14. After considering the various case laws on the subject which are discussed in the above paragraphs, we come to the conclusion that Section 11B generally governs the claim for refund of duty and interest paid on such duty. The Section has been made applicable for service tax also. In the case of KVR Constructions (supra), the Hon’ble Kerala High Court has laid down yardsticks to decide those cases where Section 11B may not be applicable in service tax cases.
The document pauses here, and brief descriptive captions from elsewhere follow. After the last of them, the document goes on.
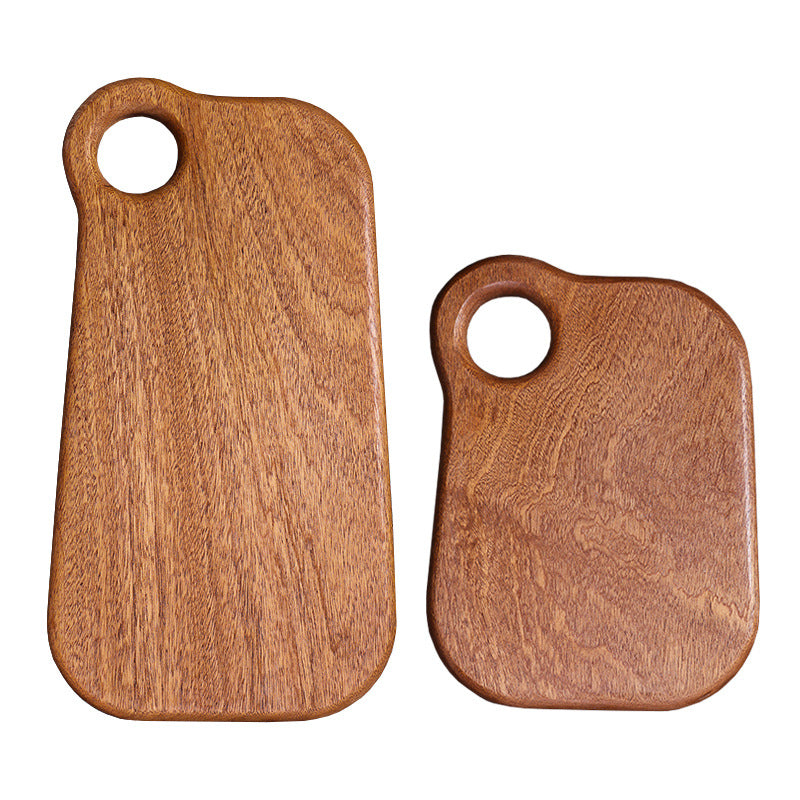 Premium dark ebony wood cutting board with an irregular organic shape.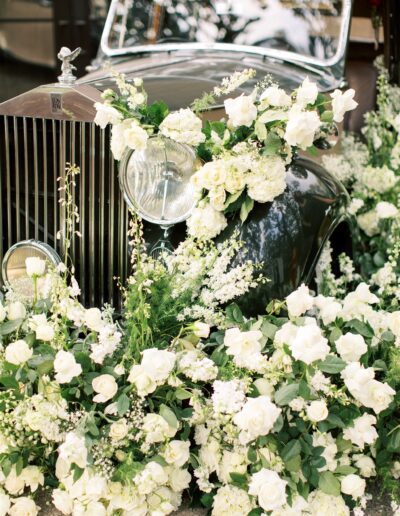 A vintage car adorned with an abundance of white roses and greenery, surrounded by floral arrangements.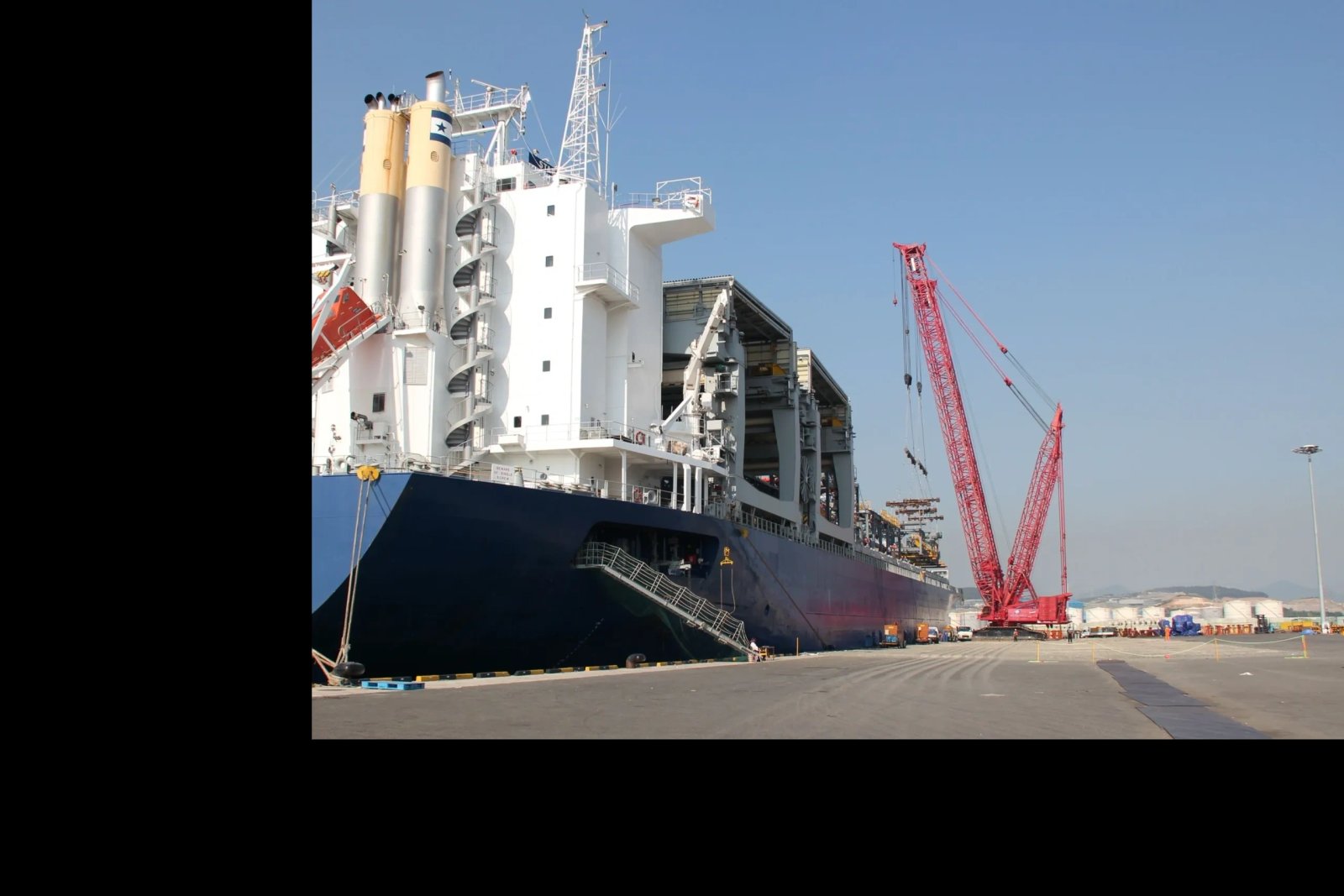 Large cargo ship docked at port with a red crane nearby.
The Hon’ble High Court has held that, if there is no authority to collect service tax by the department, it would not give them the authority to retain the amount paid which was initially, not payable by them.

15. In the present case, the assessee-Appellants were rendering “liaisoning service”. The said services were not liable to Service Tax at the relevant time. Hence, the Department would not be in a position to collect service tax on the said activities since the same is not leviable. Consequently, in terms of the law laid down by the Hon’ble Kerala High Court (supra), the Government will have no authority to retain the said amount and will have to be refunded.

16. It may also be mentioned that in the case of Hind Agro Industries Ltd. (supra), we find that the Hon’ble Delhi High Court has circumscribed the above view by prescribing the period of three years, after discovery of the mistake, for claiming such refund.

17. Thus, we are of the view that in the instant case, the amount deposited by the assessee-Appellants without any authority of law cannot be considered as Service Tax. As per Article 265 of the Constitution, no tax can be collected without any authority of law. At the relevant time, there was no authority of law to collect Service Tax on the activity carried out by the assessee-Appellants. Hence, Section 11B of the Central Excise Act, 1944 is not applicable. The amount was deposited in the year 2006-07 and the refund was filed on 02nd January, 2008. Hence, the claim has been made within the period of three years prescribed by Hon’ble Delhi High Court. Therefore, we are of the view that the assessee-Appellants are entitled to get the refund and the same is not hit by the limitation prescribed under Section 11B of the Central Excise Act, 1944 read with Section 83 of the Finance Act, 1994.

18. Moreover, it may be mentioned that the Department should not take advantage of the ignorance of the assessee-Appellants as per the ratio laid down in the case of Parekh Bros v. CIT [1984] 150 ITR 105 and CIT v. Maha Laxmi Sugar Mills [1986] 160 ITR 920 (SC).

19. In the instant case, we are of the view that it is not a case of refund of tax, but return of deposit for which limitation (Section 11B of the Act) is not applicable. Hence, we set aside the impugned orders and direct the jurisdictional Commissioner to return the deposited amount, as per law.

20. In the result, both the appeals filed by the assesses-Appellants are allowed.